LURAH MELANTIK ANAK KANDUNG SEBAGAI DUKUH, APAKAH BOLEH? INI PENJELASAN REGULASI DAN ETIKA PEMERINTAHAN
Gunungkidul TV – Praktek pengangkatan perangkat kalurahan kembali menjadi sorotan masyarakat. Salah satu isu yang mengemuka adalah apakah seorang lurah dibenarkan melantik anak kandungnya sendiri sebagai dukuh atau perangkat kalurahan lainnya. Di tengah gencarnya upaya mewujudkan tata kelola pemerintahan desa yang bersih dan berintegritas, pertanyaan ini menjadi penting untuk ditelaah secara hukum dan etika.
Dalam konteks regulasi, pelarangan praktik semacam itu bukanlah hal baru. Undang-Undang Nomor 6 Tahun 2014 tentang Desa dengan tegas menyebut bahwa kepala desa, atau lurah dalam istilah lokal, dilarang melakukan praktik nepotisme dalam pengangkatan perangkat desa. Larangan ini diperjelas melalui Peraturan Menteri Dalam Negeri (Permendagri) Nomor 67 Tahun 2017 tentang Pengangkatan dan Pemberhentian Perangkat Desa.
Pada Pasal 13 ayat (1) Permendagri tersebut, disebutkan secara spesifik bahwa “Kepala Desa dilarang mengangkat perangkat desa dari keluarga sedarah dalam garis lurus ke atas, ke bawah, ke samping sampai derajat ketiga.”

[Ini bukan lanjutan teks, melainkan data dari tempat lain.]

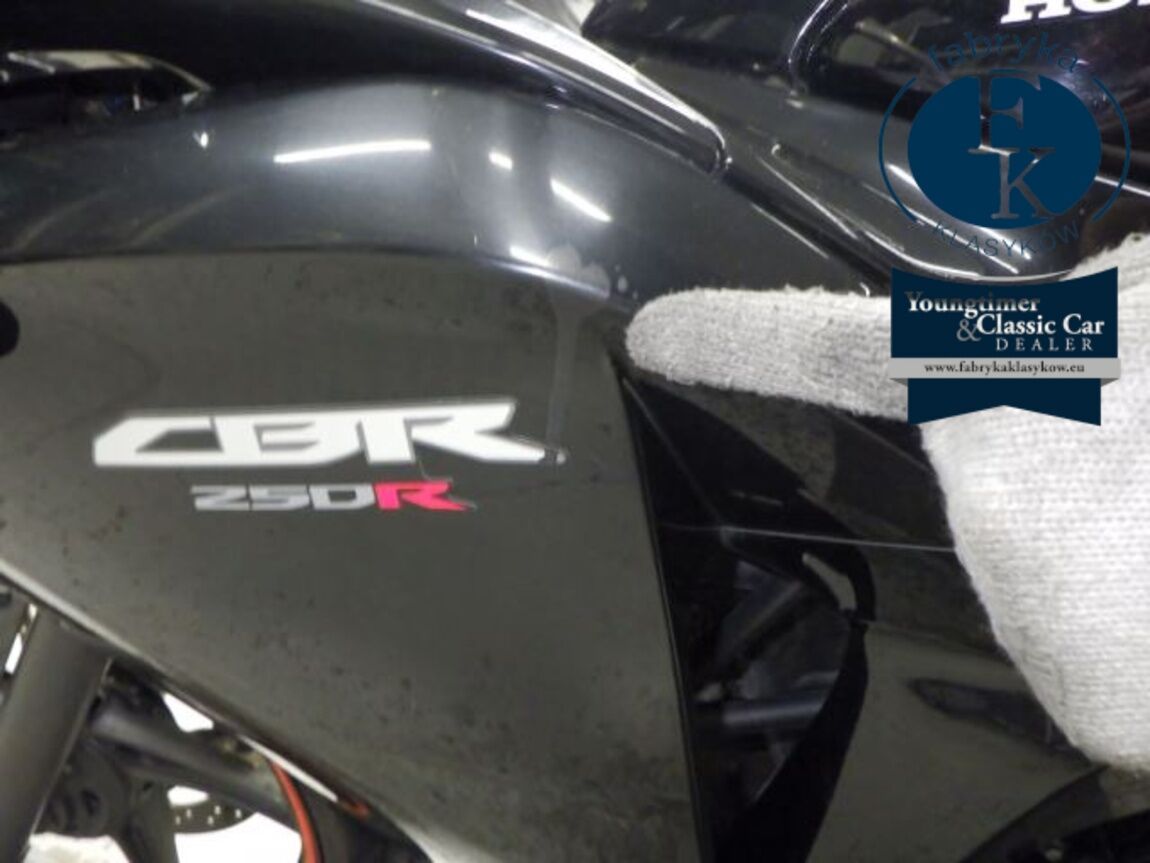 HONDA CBR250R  - zdjęcie 20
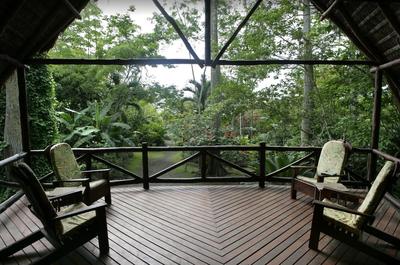 Iguana Lodge Beach Resort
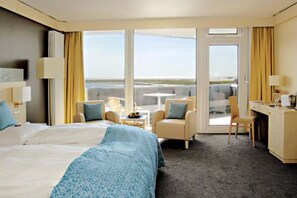 Comfort Double Room, Beach View | Premium bedding, minibar, in-room safe, desk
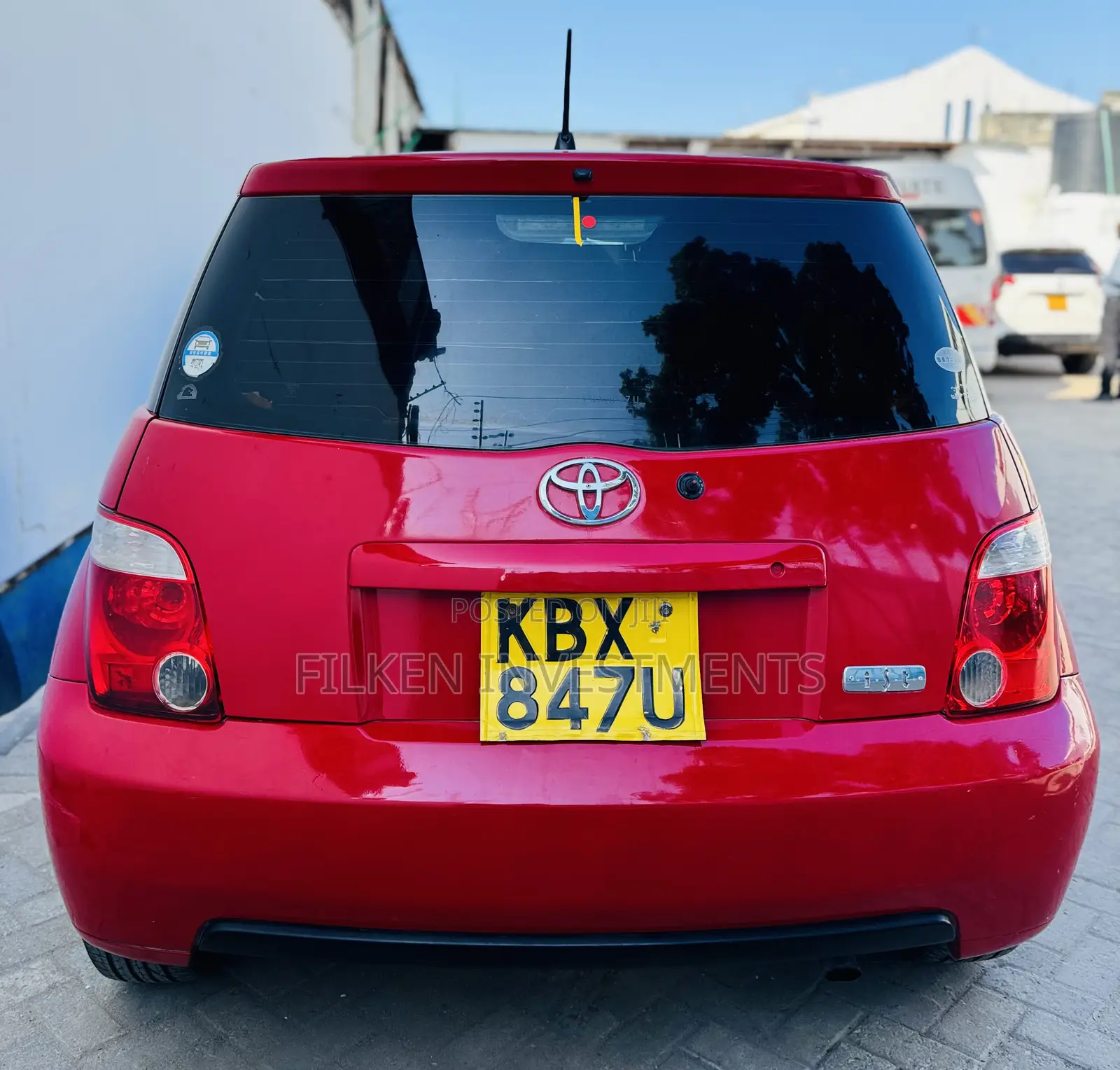 Toyota IST 2005 Burgundy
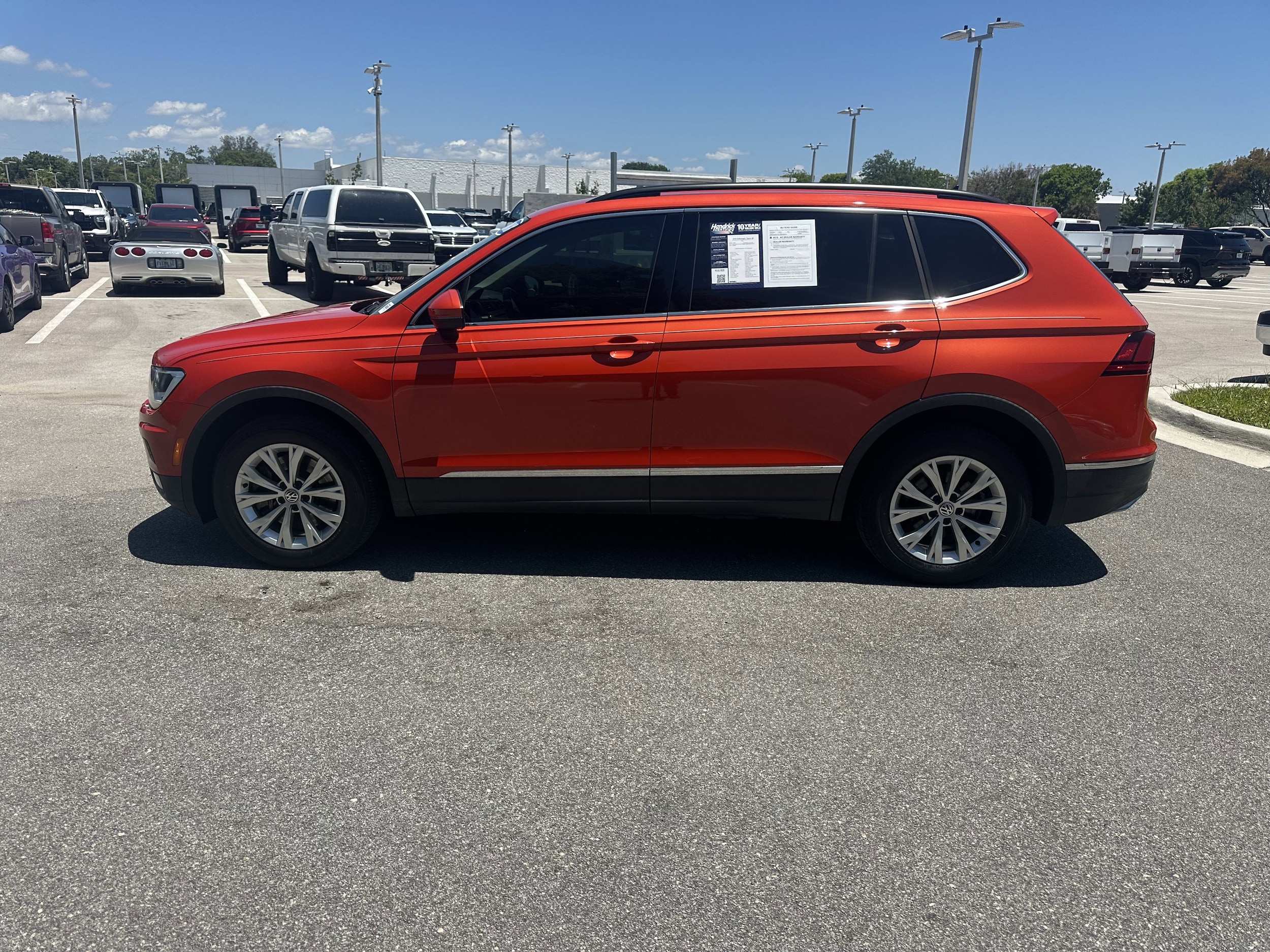 2018 Volkswagen Tiguan SE photo 5
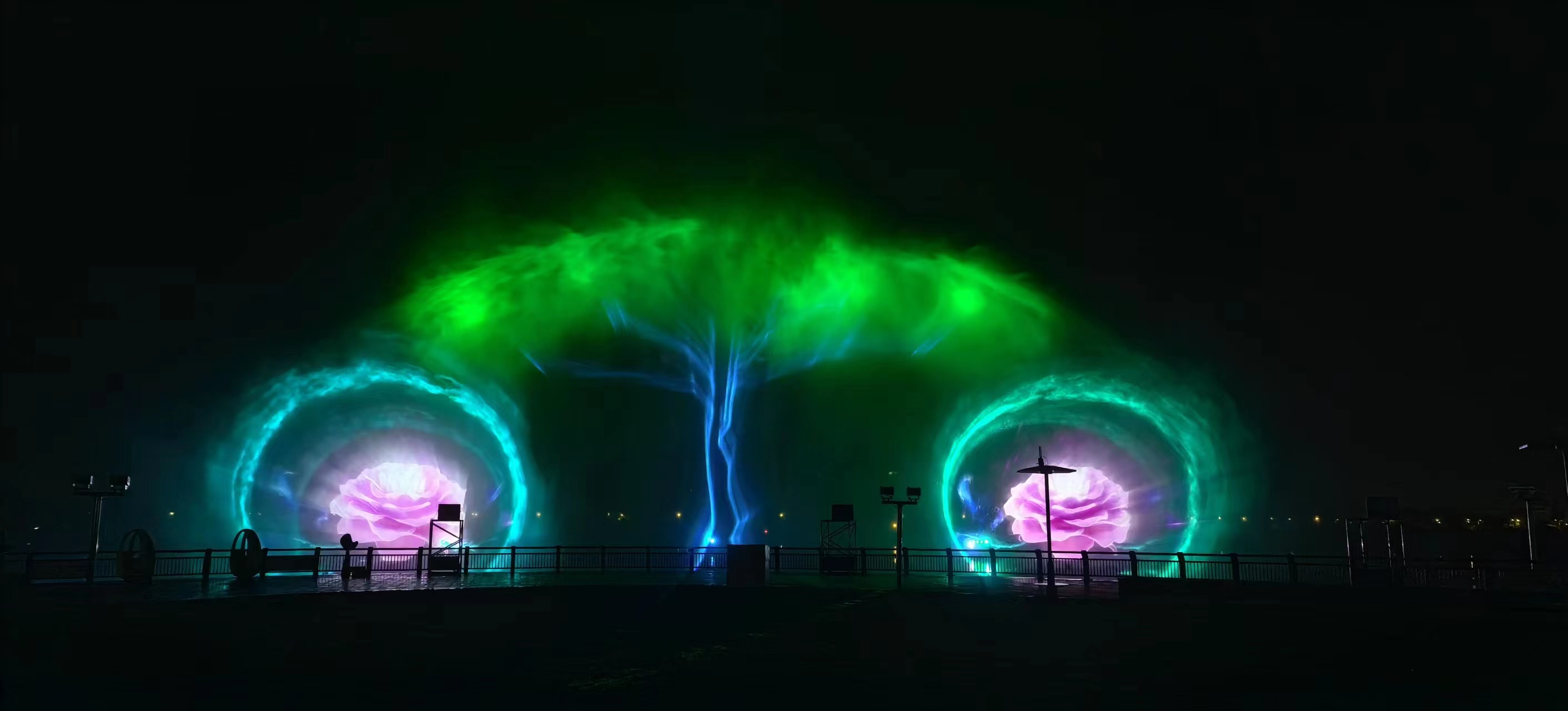 ɽ��ˮĻ��Ӱ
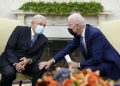 Biden y AMLO buscan hoy respuestas a esperada ola de migrantes ante posible fin de medida protectora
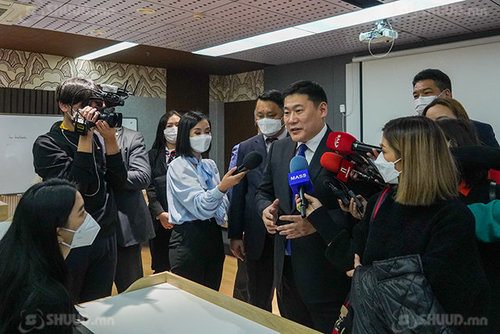 Л.Оюун-Эрдэнэ: III тундаа хамрагдаж энгийн амьдралдаа шилжихийн төлөө бүх нийтээр хичээе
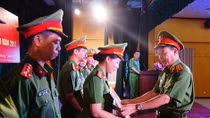 Bản lĩnh của nữ chiến sĩ Cảnh sát cơ động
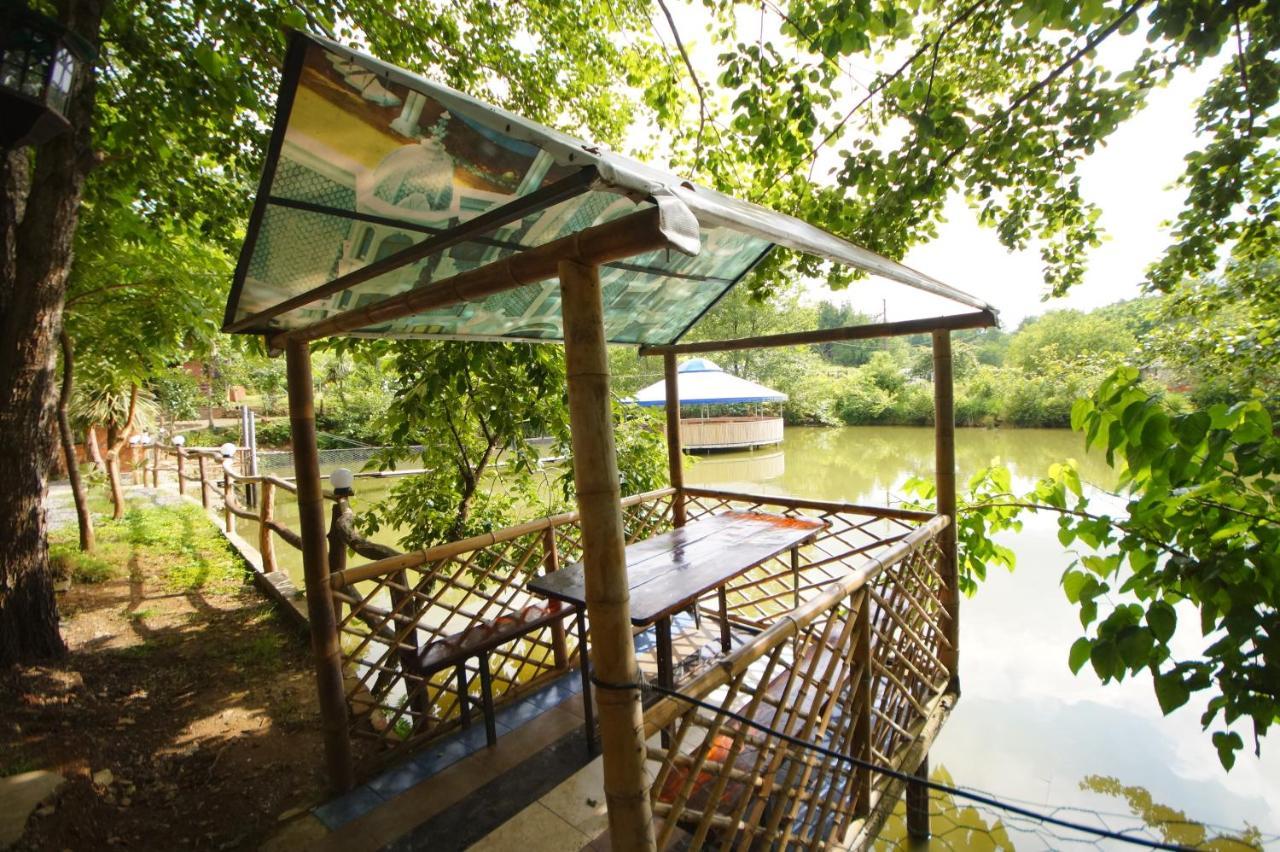 Hotel Oasis Gasamania à Batoumi Extérieur photo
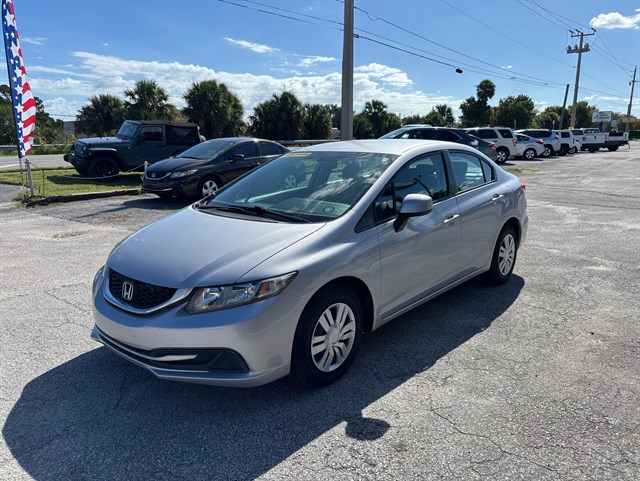 2013 Honda Civic LX's photo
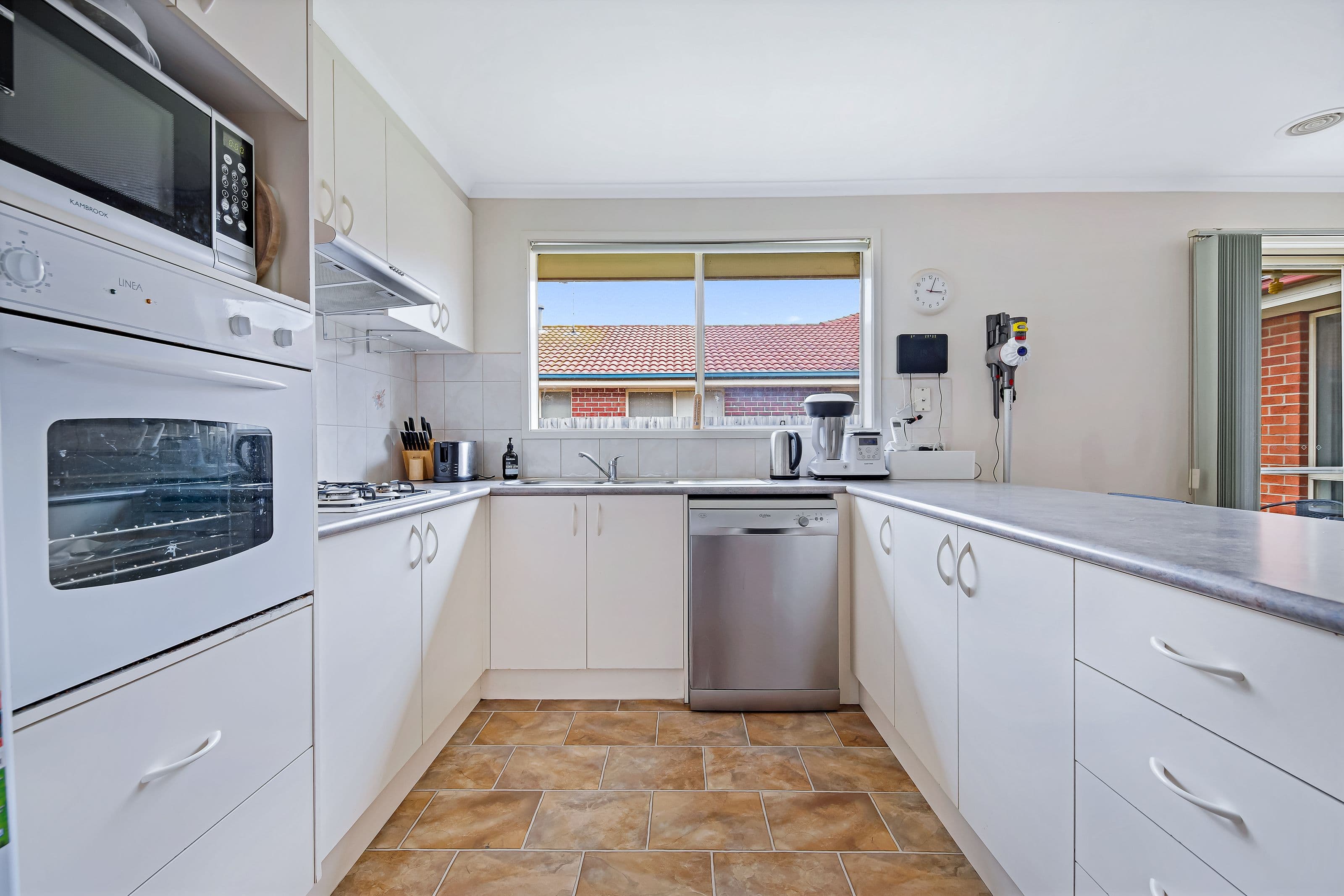12 Grice Quadrant, Pakenham VIC 3810, Pakenham - Thumbnail 7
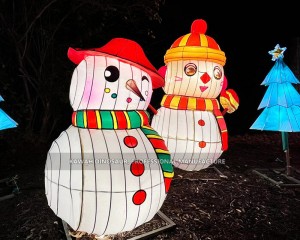 Christmas Lanterns Decorations Cute Snowman Lanterns All Postures Customized CL-2615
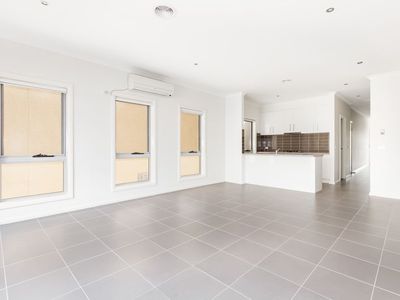 2 / 49 Hope Way, Tarneit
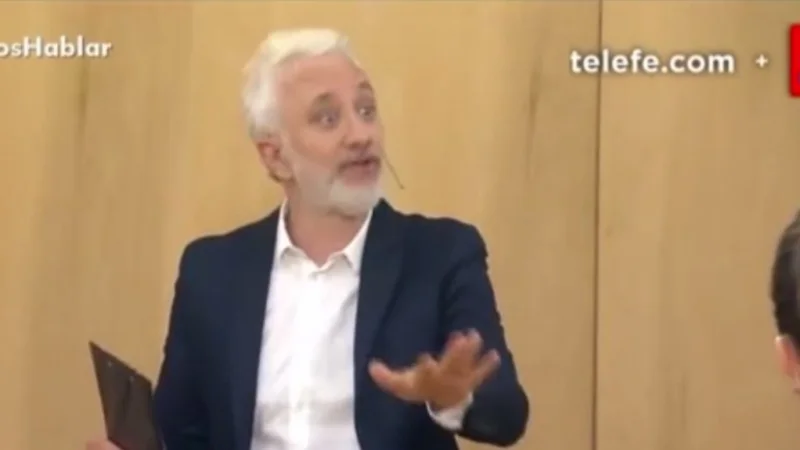Andy explotó al aire y ubicó a un invitado: "Te chupa un huevo la historia de ellos"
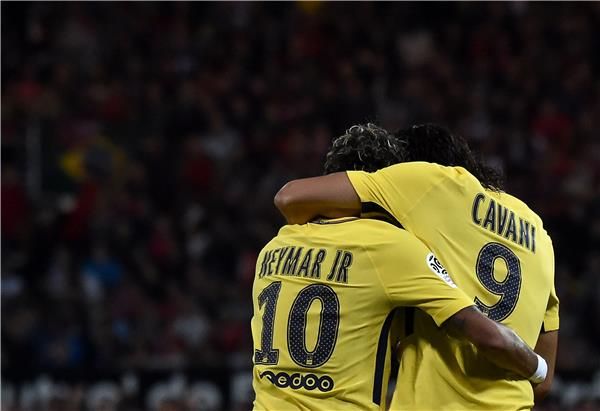 نيمار وكافاني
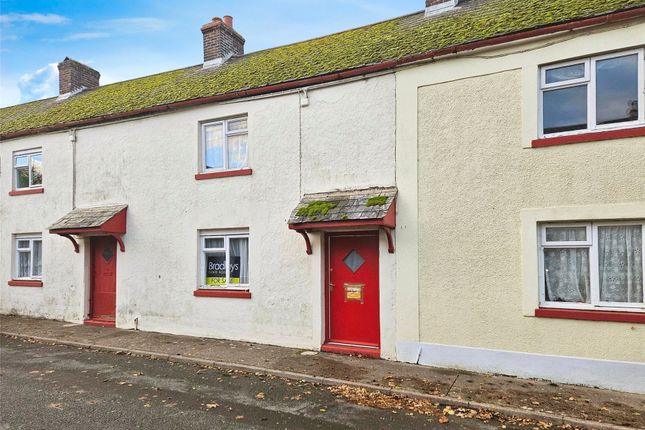 2 bed property, in Avenue Terrace, £200,000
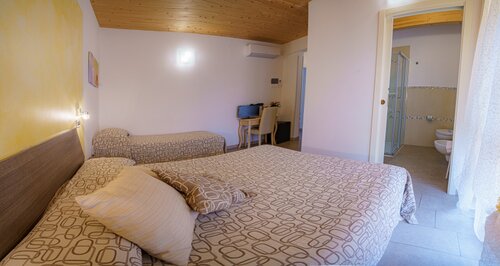 Albergo La Lampara, Забронировать Отель Отели Чечина с завтраком, Завтраки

Dengan demikian, anak kandung, saudara kandung, bahkan keponakan pun tidak boleh diangkat menjadi perangkat kalurahan oleh kepala desa atau lurah. Aturan ini diberlakukan demi mencegah benturan kepentingan sekaligus menjaga objektivitas dalam perekrutan perangkat yang seharusnya dilakukan secara terbuka, transparan, dan berbasis pada kompetensi. Selain regulasi tersebut, praktik nepotisme juga bertentangan dengan Undang-Undang Nomor 28 Tahun 1999 tentang Penyelenggaraan Negara yang Bersih dan Bebas dari Korupsi, Kolusi, dan Nepotisme. Dalam konteks ini, pengangkatan perangkat desa yang berhubungan darah langsung dengan kepala desa bisa dikategorikan sebagai pelanggaran etika penyelenggaraan pemerintahan.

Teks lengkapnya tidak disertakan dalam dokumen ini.